Schon als ich aufwache, spüre ich ein Gefühl von Gleichgültigkeit in mir. Nein, es ist nicht Gleichgültigkeit alleine. Ich empfinde auch ein Gefühl von Hass und Wut, das ich aber nicht genau zu beschreiben vermag. Jedenfalls bin ich froh, als Maytame (Kxìryas Tochter) satt ist und müde wird, sodass ich sie hinlegen kann. Auch wenn ich sie über alles liebe, muss ich heute einfach mal etwas Zeit für mich alleine haben. Ich muss über einige Dinge nachdenken. Dinge, die mich betreffen, meine Familie und vielleicht letztlich auch den ganzen Clan.

Bewaffnet mit meinem Bogen verlasse ich dann ziellos unsere Höhle, marschiere in Richtung des Sees. wo ich zunächst etwas verweile. Doch es zieht mich weiter und ich gehe entlang am Flussufer, vorbei am Waldrand und halte nur kurz an, um etwas zu trinken. Eigentlich ist heute ein schöner Tag, doch wirkliche Freude kann ich darüber irgendwie nicht empfinden.

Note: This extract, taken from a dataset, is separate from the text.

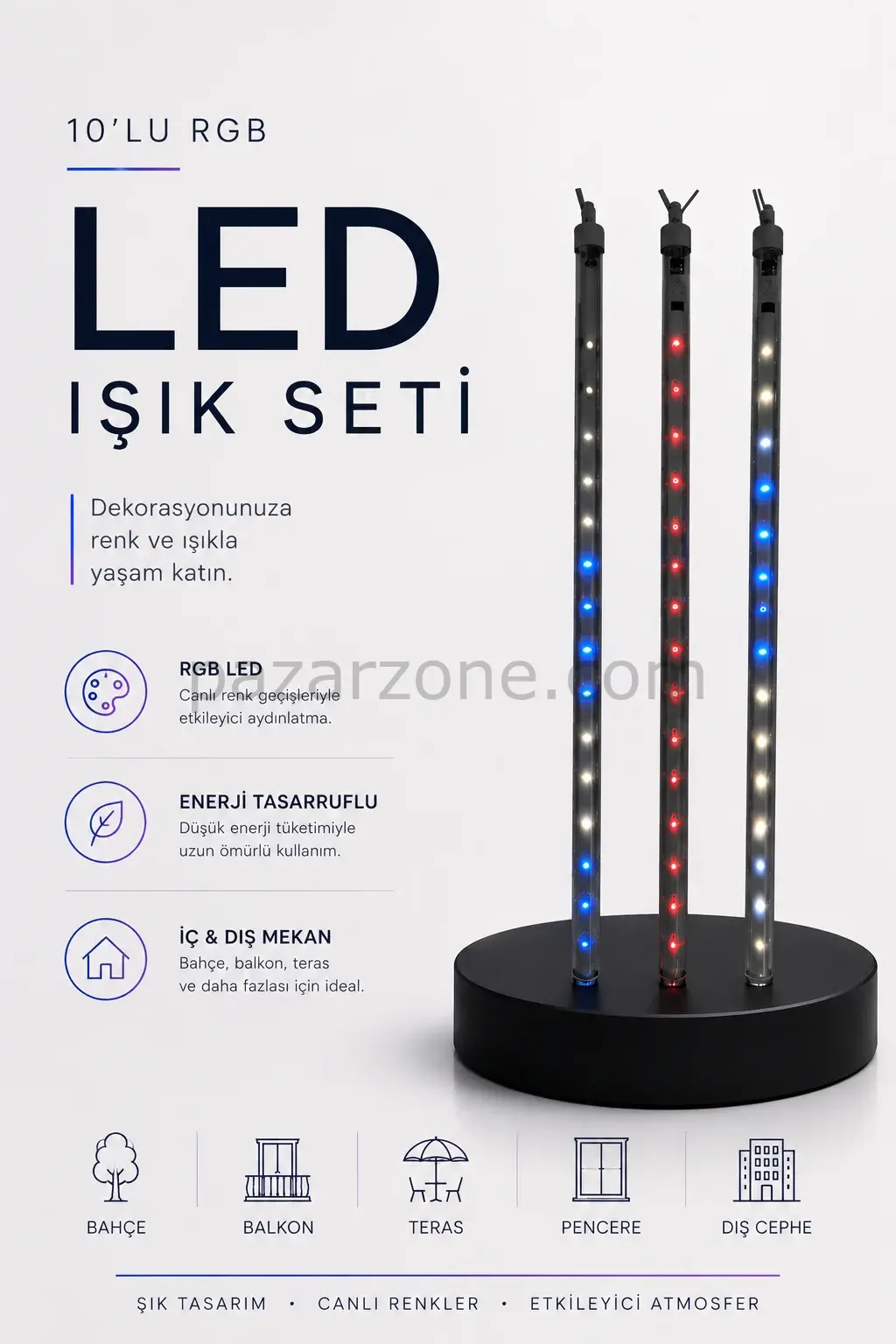 RGB LED Dış Ve İç Mekan Süsleme Işığı 10 Çubuklu Şerit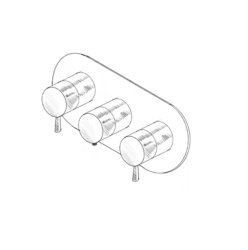 MURO TUA ενσωματωμένη θερμοστατική βρύση ντους με 2 βρύσες διακοπής χρώμιο M1.B34T.S.CR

Seit mich Nìm'wey nach Ari'lana fragte, beschäftigen mich Gedanken an sie, meinen muntxatan (Ehemann), an Sey, Kee'lanee und all die anderen  und ich frage mich, ob all dies wieder einmal nur eine Art von Prüfung ist, die die große Mutter mir auferlegt. Will Eywa vielleicht, dass ich nach ihnen suche?  Aber wie soll ich das anstellen?  Maytame ist noch viel zu klein, um solch weite und gefährliche Wege zurückzulegen. Ich kann, will und werde sie nicht unnötig solchen Gefahren aussetzen.

Völlig in meine Gedanken versunken, bemerke ich nicht, dass ich etwas von meinem Weg abkomme und realisiere es erst, als ich bemerke, dass das Licht der Sonne die dichten Baumkronen nicht mehr vollständig zu durchdringen vermag. Ich bin unvorsichtig, was mich zusätzlich ärgert. Also orientiere ich mich zunächst einmal. Ich habe Hunger. Daher sammle ich auf meinem Weg einige Früchte ein, bevor ich dann nach einem Platz suche, an dem ich mich etwas ausruhen und nachdenken kann.

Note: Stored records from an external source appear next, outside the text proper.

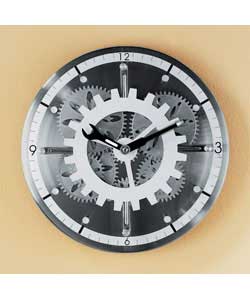 Glass/metal.Size (D)8cm, diameter 30.5cm.Requires 1 x AA and 2 x C batteries (not included).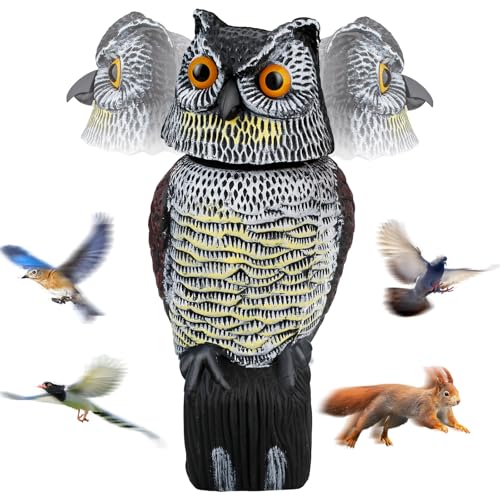 Pestvanish Owl Decoys to Scare Birds Squirrels Away, 360 Rotating Head Activated, Fake Owl Statues Repellent Pest Hawk Squirrel Cats Chickens Pigeon Bird Deterrents for Outside Garden Patios Backyard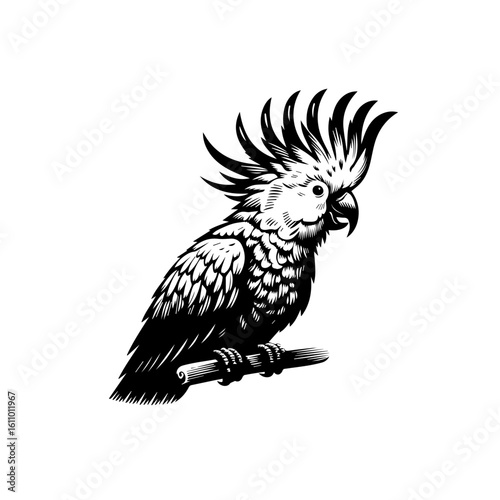 A detailed ink drawing of a cockatoo perched on a branch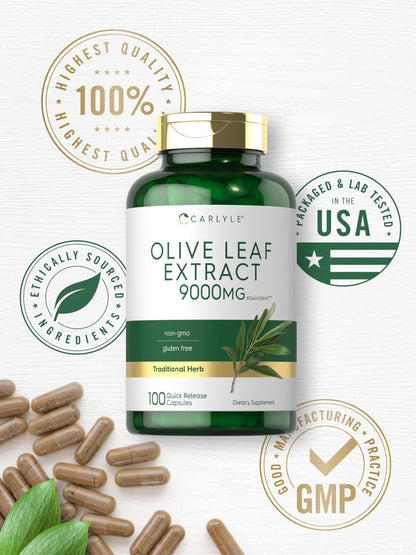 Authentic USA imported Carlyle Olive Leaf supplement bottle for natural wellness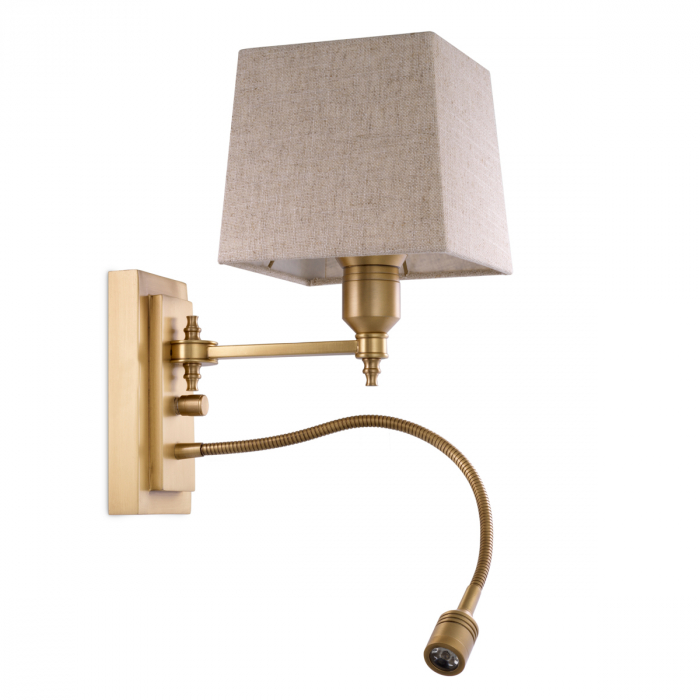 Aplică de perete, Ellington, finisaj din alamă cu aspect vintage, abajur inclus [5]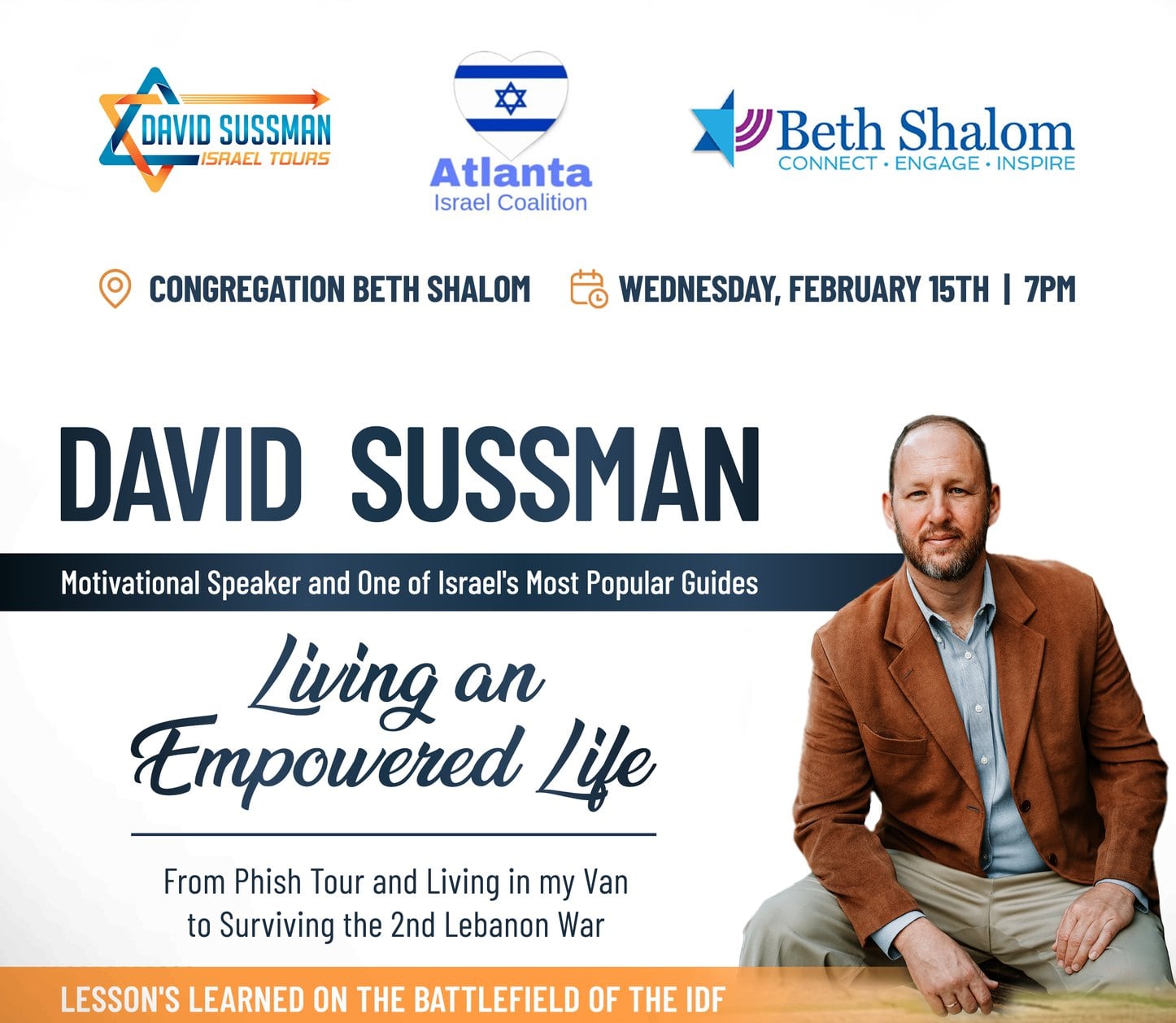 Living an Empowered Life: From Phish Tour to the Second Lebanon War, with David Sussman, event graphic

Ein hoher Baum ist dann schließlich mein Ziel und ich klettere hinauf, um mich auf einen dicken Ast zu hocken. Mein Blick fällt auf die Menschensiedlung. Sie ist zwar weit entfernt, aber sie ist von hier oben doch deutlich zu erkennen. Ich erinnere mich daran, dass mir einer der sawtute (Himmelsmenschen) einmal das Leben gerettet hat, als unser alter Clan von einer heimtückischen Krankheit befallen war. Ich habe ihn seither nie wieder gesehen...

Plötzlich habe ich ein Gesicht vor meinem geistigen Auge, das Gesicht meines kleinen Mädchens, die mich mit ihren großen, dunklen Augen anstrahlt. Wieder überkommt mich ein Gefühl von Wut, denn ich empfinde es in diesem Moment wie eine Art Strafe, dass Maytame beinahe die selben Augen hat, wie ihr sempul (Vater). Mir die Frage stellend: "Ma Wina, pesengit tok ngal?" ("Wo bist Du, Wina?") schleudere ich mit viel Kraft meine angebissene Frucht in den Wald hinein und fange an zu weinen. Dabei rufe ich, und ich spreche dabei die große Mutter direkt an: "Ma nawma sa'nok, pelun nga fmetok oer nì'ul'ul?" ("Große Mutter, warum prüfst Du mich wieder und wieder?")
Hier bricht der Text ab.